How to use pick() to select columns dynamically in R

dplyr

dplyr pick()

Learn use pick() to select columns dynamically in r with clear examples and explanations.

Published

March 26, 2026

Introduction

The pick() function in dplyr is a powerful helper that allows you to select columns programmatically within data manipulation functions like mutate(), summarise(), and across(). It’s particularly useful when you need to apply operations to columns based on conditions (like data type) or naming patterns, making your code more flexible and maintainable.

Setup

Let’s start by loading the necessary packages and checking our dplyr version to ensure pick() is available:

library(tidyverse)
library(palmerpenguins)
packageVersion("dplyr")

The pick() function was introduced in dplyr 1.1.0, so make sure you have an up-to-date version installed.

Basic Usage with Numeric Operations

One of the most common uses of pick() is to perform operations on columns of a specific type. Here’s how to calculate row sums across all numeric columns:

df <- tibble(x = 1:2, y = 3:4, z = 5:6)
df |>
  mutate(total = rowSums(pick(is.numeric)))

This creates a new column total that contains the sum of all numeric columns for each row. The pick(is.numeric) selects only numeric columns, making the code robust even if non-numeric columns are added later.

Combining pick() with across()

You can combine pick() with across() to apply functions to selected columns. Here’s how to standardize all numeric columns:

df |>
  mutate(across(pick(is.numeric), ~ (. - mean(.)) / sd(.)))

This standardizes each numeric column by subtracting its mean and dividing by its standard deviation, creating z-scores for all values.

Selecting Specific Columns

pick() isn’t limited to type-based selection.
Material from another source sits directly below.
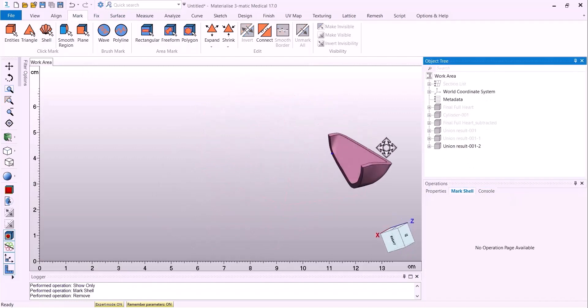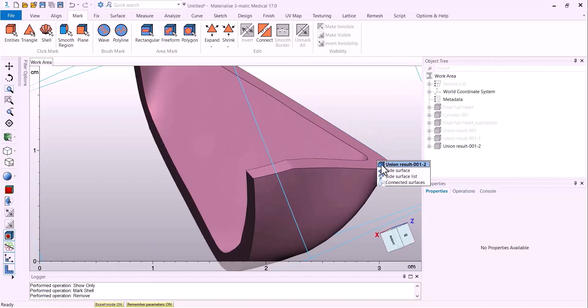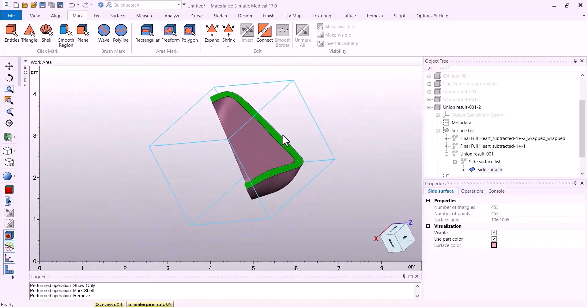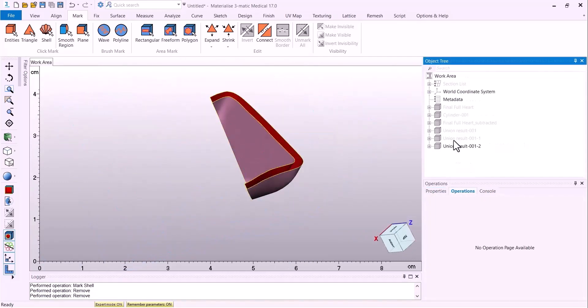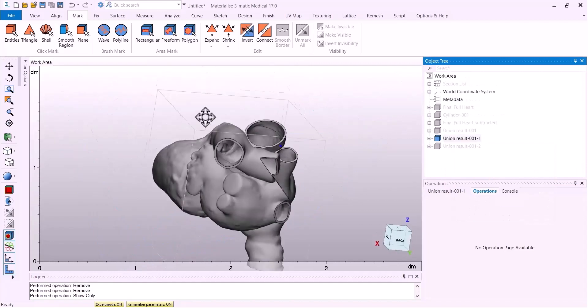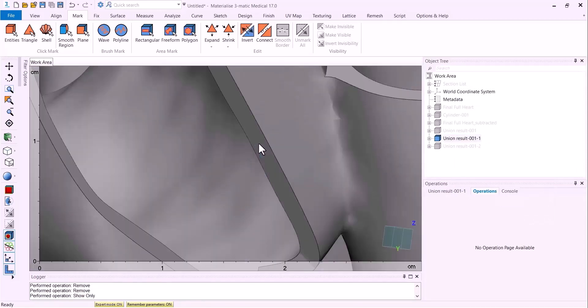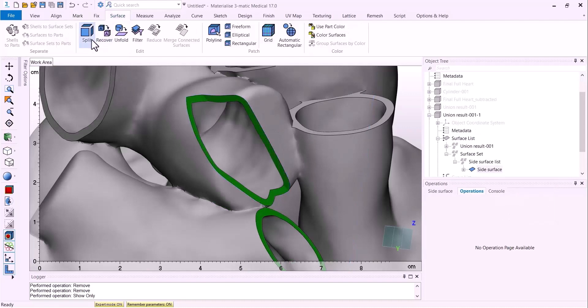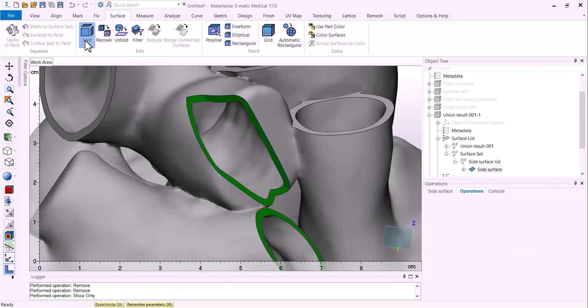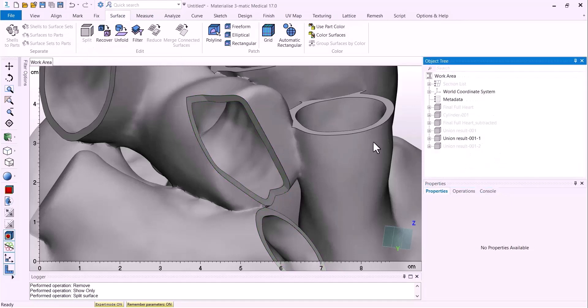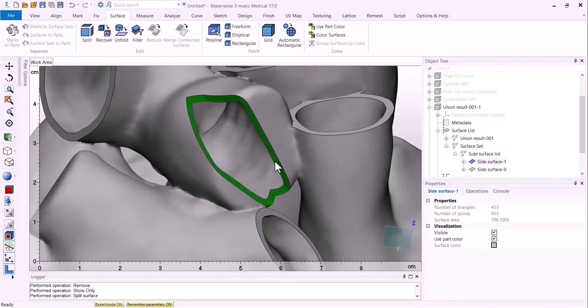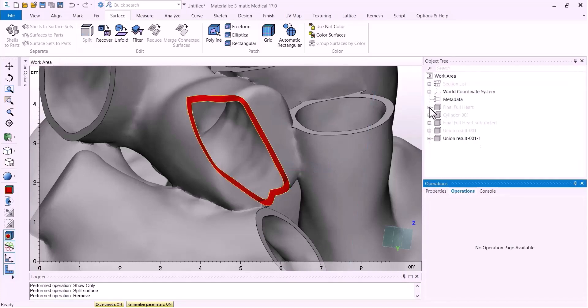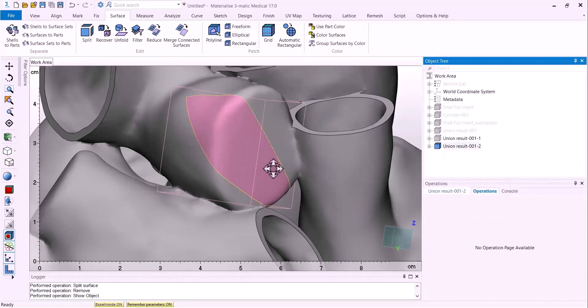Once we have done that, we can perform the exact same steps as before where we delete the surfaces we created with the trim. And instead of merging in this section, I will show how you can use the boolean union to maybe prevent some of those errors you had. To delete a surface, we can simply split the surface into two pieces. That way we don't have to refill in the surface that we wanted to create.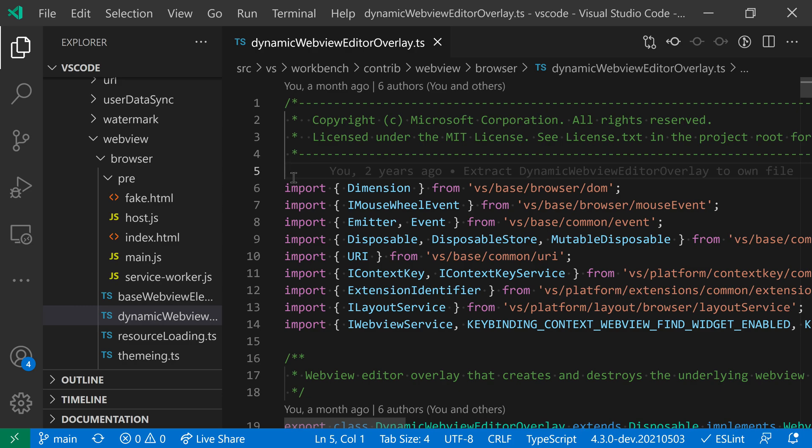The menu bar visibility setting lets you configure how the menu bar is displayed in VS Code Windows. The menu bar is displayed here at the top of the window, and it has all of the actions that we can access.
You can also specify exact column names:

df <- tibble(
  x = c(3, 2, 2, 2, 1),
  y = c(0, 2, 1, 1, 4),
  z1 = c("a", "a", "a", "b", "a"),
  z2 = c("c", "d", "d", "a", "c")
)

df |> mutate(coords = pick(x, y))

This creates a new column containing a tibble with just the x and y coordinates for each row.

Working with Real Data

Let’s see how pick() works with the Palmer penguins dataset. First, selecting character columns:

penguins |> mutate(text_data = pick(species, sex))

This creates a nested tibble containing just the character columns for each penguin observation.

Type-Based Column Selection

You can select all columns of a specific type and examine the structure:

penguins |>
  mutate(pick(is.character)) |>
  glimpse()

This shows how pick(is.character) maintains all character columns in the dataset while allowing you to see the overall structure.

Summarizing with pick()

pick() is also useful in summarise() operations. Here’s how to calculate means for all numeric columns:

df <- tibble(
  id = 1:5,
  var1 = rnorm(5),
  var2 = rnorm(5),
  category = letters[1:5]
)

df |>
  summarise(across(pick(is.numeric), mean))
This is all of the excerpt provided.